[[ Information provided, beginning ]]

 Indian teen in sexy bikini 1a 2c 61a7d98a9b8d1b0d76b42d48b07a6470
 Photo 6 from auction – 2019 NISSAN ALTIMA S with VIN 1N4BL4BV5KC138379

[[ Information provided, end ]]
[[ Information provided, beginning ]]

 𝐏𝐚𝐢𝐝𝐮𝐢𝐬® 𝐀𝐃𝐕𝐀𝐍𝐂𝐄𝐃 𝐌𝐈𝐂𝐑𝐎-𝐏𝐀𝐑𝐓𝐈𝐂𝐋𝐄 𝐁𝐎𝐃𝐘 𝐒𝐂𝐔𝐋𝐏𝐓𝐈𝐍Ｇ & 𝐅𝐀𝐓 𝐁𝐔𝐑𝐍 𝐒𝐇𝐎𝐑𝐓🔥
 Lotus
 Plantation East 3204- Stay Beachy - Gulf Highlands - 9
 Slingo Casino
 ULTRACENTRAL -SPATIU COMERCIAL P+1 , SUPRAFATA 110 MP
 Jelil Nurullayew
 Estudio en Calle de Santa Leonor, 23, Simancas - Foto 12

[[ Information provided, end ]]

[Exercise goal] Everything in the material above from the line that has "𝐏𝐚𝐢𝐝𝐮𝐢𝐬® 𝐀𝐃𝐕𝐀𝐍𝐂𝐄𝐃 𝐌𝐈𝐂𝐑𝐎-𝐏𝐀𝐑𝐓𝐈𝐂𝐋𝐄" through the line that has "Estudio en Calle" must be duplicated exactly, with no other lines given.

[Answer section]
 𝐏𝐚𝐢𝐝𝐮𝐢𝐬® 𝐀𝐃𝐕𝐀𝐍𝐂𝐄𝐃 𝐌𝐈𝐂𝐑𝐎-𝐏𝐀𝐑𝐓𝐈𝐂𝐋𝐄 𝐁𝐎𝐃𝐘 𝐒𝐂𝐔𝐋𝐏𝐓𝐈𝐍Ｇ & 𝐅𝐀𝐓 𝐁𝐔𝐑𝐍 𝐒𝐇𝐎𝐑𝐓🔥
 Lotus
 Plantation East 3204- Stay Beachy - Gulf Highlands - 9
 Slingo Casino
 ULTRACENTRAL -SPATIU COMERCIAL P+1 , SUPRAFATA 110 MP
 Jelil Nurullayew
 Estudio en Calle de Santa Leonor, 23, Simancas - Foto 12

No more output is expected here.